N.H. Education Dept. Defends 'Learn Everywhere' Proposal

Aug 8, 2019

Credit Michael Brindley for NHPR

The New Hampshire Department of Education and members of the state Board of Education are defending their right to approve alternative programs granting credit to high school students, despite objections from lawmakers and educators.

 

The state board voted on Thursday to approve a response from the Department of Education on its proposed program, Learn Everywhere, which would require high schools to grant students for extracurriculars outside of school.

 

The response comes a month after the Joint Legislative Committee on Administrative Rules issued a preliminary objection to Learn Everywhere. The committee maintains it undermined school districts' oversight of curriculum and credits, failed to institute protections and grievance policies for participating students, undermined New Hampshire’s system of credentialing teachers, and misinterpreted a law passed in 2017 giving the state board power to approve “alternative programs for granting credit leading to graduation.”

 

At Thursday's meeting, DOE attorney Richard Sala defended the department's interpretation of this law.

 

“The Department is giving effect to the plain meeting of every one of those words: Alternative programs for granting credit leading to graduation,” Sala said. “Those credits have to lead to graduation. That’s the Department’s position: In order to lead to graduation, they have to be applied somewhere.”

 

The DOE says much of the joint legislative committee's critique was based on a misunderstanding of how districts issue credits.
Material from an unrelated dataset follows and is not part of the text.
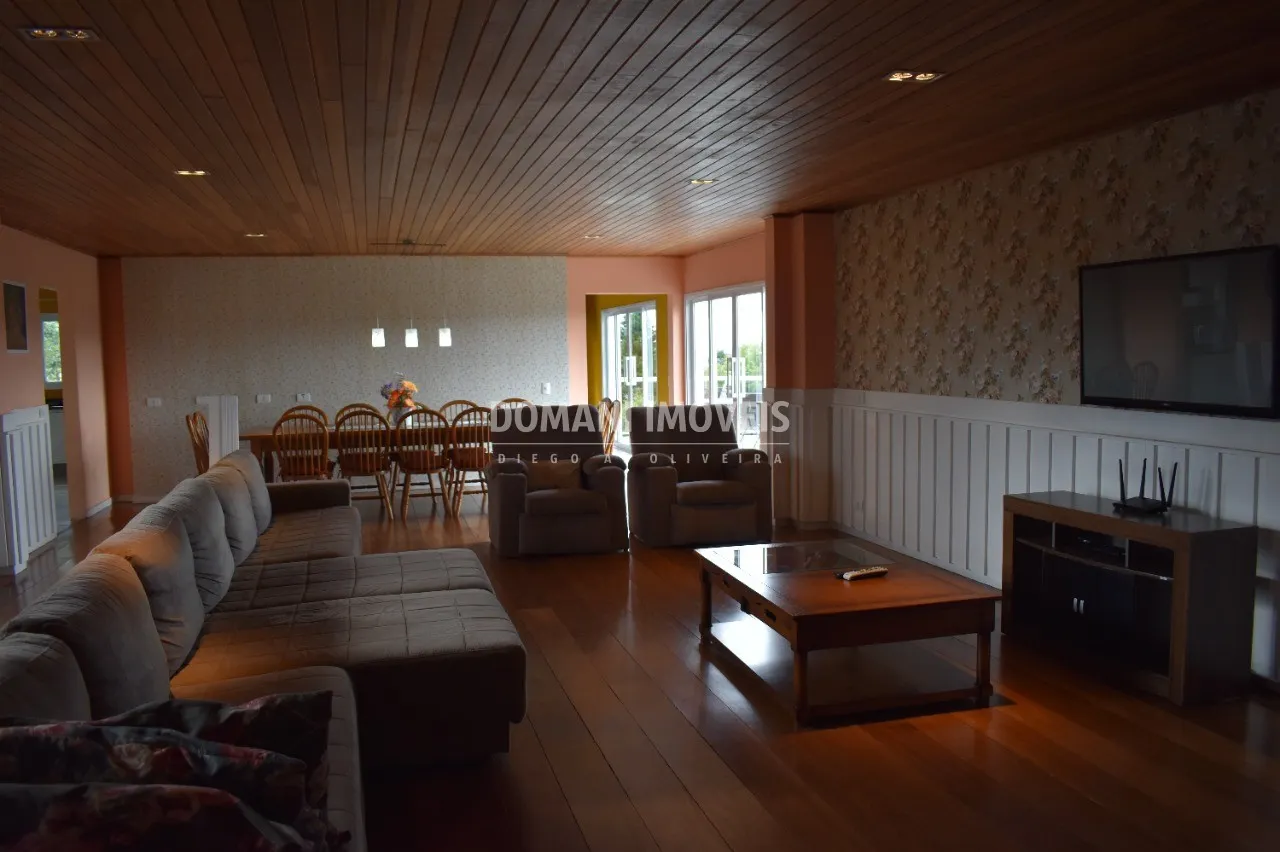 Casa à venda de 3.050 m² em Campos do Jordão, SP, Brasil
In a letter, Commissioner Frank Edelblut wrote:

 

“Awarding credits is not part of a particular curriculum and, in fact, students may be granted credits without ever having experienced a district curriculum, through their demonstration of ‘mastery of graduation requirements.’”

 

Edelblut also defended Learn Everywhere from critics who say it allows uncredentialed teachers to offer classes for credit. He said thousands of students take classes in the Community College System, where professors don’t necessarily hold teaching credentials.

 

The DOE made minor changes to the proposed rules to respond to other concerns raised by the joint legislative committee about special education students and student protections.

 

Members of that committee will review the changes for possible approval in September.